== Segment start ==
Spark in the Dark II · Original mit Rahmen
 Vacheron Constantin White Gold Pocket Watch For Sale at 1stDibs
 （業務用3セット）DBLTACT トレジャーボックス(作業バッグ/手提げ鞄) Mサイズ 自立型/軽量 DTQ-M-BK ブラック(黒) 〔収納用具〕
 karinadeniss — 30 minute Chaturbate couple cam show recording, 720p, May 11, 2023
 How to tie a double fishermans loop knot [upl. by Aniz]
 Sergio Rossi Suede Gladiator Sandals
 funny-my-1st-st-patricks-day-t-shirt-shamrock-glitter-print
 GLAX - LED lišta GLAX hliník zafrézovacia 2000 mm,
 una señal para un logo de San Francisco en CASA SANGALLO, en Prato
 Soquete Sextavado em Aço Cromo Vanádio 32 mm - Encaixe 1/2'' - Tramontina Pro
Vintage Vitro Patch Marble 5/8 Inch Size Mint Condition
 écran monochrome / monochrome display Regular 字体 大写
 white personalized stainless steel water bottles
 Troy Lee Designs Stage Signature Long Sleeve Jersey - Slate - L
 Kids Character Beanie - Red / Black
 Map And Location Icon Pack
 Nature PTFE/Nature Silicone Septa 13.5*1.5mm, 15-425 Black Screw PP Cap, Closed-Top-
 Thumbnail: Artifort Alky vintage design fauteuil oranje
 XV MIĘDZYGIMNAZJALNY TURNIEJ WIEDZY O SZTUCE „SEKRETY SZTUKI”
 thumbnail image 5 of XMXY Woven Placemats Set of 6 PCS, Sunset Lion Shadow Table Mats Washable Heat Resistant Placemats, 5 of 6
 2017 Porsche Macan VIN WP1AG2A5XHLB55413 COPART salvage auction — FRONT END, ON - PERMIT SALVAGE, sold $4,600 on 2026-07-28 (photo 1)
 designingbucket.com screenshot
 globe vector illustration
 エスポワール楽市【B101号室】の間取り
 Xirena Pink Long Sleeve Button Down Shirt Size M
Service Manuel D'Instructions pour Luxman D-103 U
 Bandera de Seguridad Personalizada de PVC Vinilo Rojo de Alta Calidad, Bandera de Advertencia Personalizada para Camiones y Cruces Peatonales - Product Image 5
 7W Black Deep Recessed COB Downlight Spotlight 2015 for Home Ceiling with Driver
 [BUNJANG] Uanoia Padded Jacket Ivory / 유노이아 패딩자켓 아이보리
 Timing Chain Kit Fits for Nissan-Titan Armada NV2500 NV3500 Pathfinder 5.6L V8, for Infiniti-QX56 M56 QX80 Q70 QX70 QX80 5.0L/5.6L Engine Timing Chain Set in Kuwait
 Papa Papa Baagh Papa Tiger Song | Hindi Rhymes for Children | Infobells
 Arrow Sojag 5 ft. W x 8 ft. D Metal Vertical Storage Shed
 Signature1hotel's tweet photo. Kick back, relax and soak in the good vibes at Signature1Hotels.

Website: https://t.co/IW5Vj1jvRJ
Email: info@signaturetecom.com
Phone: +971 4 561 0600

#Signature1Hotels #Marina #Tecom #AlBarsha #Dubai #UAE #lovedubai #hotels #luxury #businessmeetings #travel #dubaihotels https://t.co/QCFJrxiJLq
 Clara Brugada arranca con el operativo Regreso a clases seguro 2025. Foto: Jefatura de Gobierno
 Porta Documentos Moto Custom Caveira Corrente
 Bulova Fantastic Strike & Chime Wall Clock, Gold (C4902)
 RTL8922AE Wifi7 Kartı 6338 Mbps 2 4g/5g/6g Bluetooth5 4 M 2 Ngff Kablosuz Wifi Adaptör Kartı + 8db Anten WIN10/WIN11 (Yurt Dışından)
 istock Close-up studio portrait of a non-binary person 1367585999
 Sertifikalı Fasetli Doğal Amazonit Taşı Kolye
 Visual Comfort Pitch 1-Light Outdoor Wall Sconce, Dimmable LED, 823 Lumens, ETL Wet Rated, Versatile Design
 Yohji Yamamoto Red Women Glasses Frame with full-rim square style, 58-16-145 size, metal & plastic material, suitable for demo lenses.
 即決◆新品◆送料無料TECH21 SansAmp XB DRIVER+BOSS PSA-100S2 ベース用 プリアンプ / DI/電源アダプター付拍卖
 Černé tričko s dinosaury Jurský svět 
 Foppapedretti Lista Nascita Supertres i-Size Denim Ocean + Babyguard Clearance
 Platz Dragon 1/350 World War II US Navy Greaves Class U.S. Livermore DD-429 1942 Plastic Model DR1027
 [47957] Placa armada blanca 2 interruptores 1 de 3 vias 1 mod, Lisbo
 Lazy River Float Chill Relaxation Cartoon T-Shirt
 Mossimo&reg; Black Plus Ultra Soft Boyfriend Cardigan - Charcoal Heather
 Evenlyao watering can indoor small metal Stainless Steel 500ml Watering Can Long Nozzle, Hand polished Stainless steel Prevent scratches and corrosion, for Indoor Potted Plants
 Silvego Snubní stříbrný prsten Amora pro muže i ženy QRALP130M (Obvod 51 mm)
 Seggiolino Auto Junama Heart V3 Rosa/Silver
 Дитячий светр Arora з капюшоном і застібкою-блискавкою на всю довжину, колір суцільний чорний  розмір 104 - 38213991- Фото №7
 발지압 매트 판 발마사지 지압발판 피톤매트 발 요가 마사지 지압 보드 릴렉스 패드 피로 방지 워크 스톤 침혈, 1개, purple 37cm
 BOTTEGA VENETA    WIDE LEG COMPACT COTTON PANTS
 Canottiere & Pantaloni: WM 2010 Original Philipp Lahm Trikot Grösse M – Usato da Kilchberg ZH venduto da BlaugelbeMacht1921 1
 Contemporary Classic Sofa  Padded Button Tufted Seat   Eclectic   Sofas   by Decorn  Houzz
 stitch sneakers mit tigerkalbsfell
== Segment end ==
Could you transcribe the entries above word for word, from the line with "istock Close-up studio" down to the line with "Canottiere & Pantaloni: WM", keeping both?

 istock Close-up studio portrait of a non-binary person 1367585999
 Sertifikalı Fasetli Doğal Amazonit Taşı Kolye
 Visual Comfort Pitch 1-Light Outdoor Wall Sconce, Dimmable LED, 823 Lumens, ETL Wet Rated, Versatile Design
 Yohji Yamamoto Red Women Glasses Frame with full-rim square style, 58-16-145 size, metal & plastic material, suitable for demo lenses.
 即決◆新品◆送料無料TECH21 SansAmp XB DRIVER+BOSS PSA-100S2 ベース用 プリアンプ / DI/電源アダプター付拍卖
 Černé tričko s dinosaury Jurský svět 
 Foppapedretti Lista Nascita Supertres i-Size Denim Ocean + Babyguard Clearance
 Platz Dragon 1/350 World War II US Navy Greaves Class U.S. Livermore DD-429 1942 Plastic Model DR1027
 [47957] Placa armada blanca 2 interruptores 1 de 3 vias 1 mod, Lisbo
 Lazy River Float Chill Relaxation Cartoon T-Shirt
 Mossimo&reg; Black Plus Ultra Soft Boyfriend Cardigan - Charcoal Heather
 Evenlyao watering can indoor small metal Stainless Steel 500ml Watering Can Long Nozzle, Hand polished Stainless steel Prevent scratches and corrosion, for Indoor Potted Plants
 Silvego Snubní stříbrný prsten Amora pro muže i ženy QRALP130M (Obvod 51 mm)
 Seggiolino Auto Junama Heart V3 Rosa/Silver
 Дитячий светр Arora з капюшоном і застібкою-блискавкою на всю довжину, колір суцільний чорний  розмір 104 - 38213991- Фото №7
 발지압 매트 판 발마사지 지압발판 피톤매트 발 요가 마사지 지압 보드 릴렉스 패드 피로 방지 워크 스톤 침혈, 1개, purple 37cm
 BOTTEGA VENETA    WIDE LEG COMPACT COTTON PANTS
 Canottiere & Pantaloni: WM 2010 Original Philipp Lahm Trikot Grösse M – Usato da Kilchberg ZH venduto da BlaugelbeMacht1921 1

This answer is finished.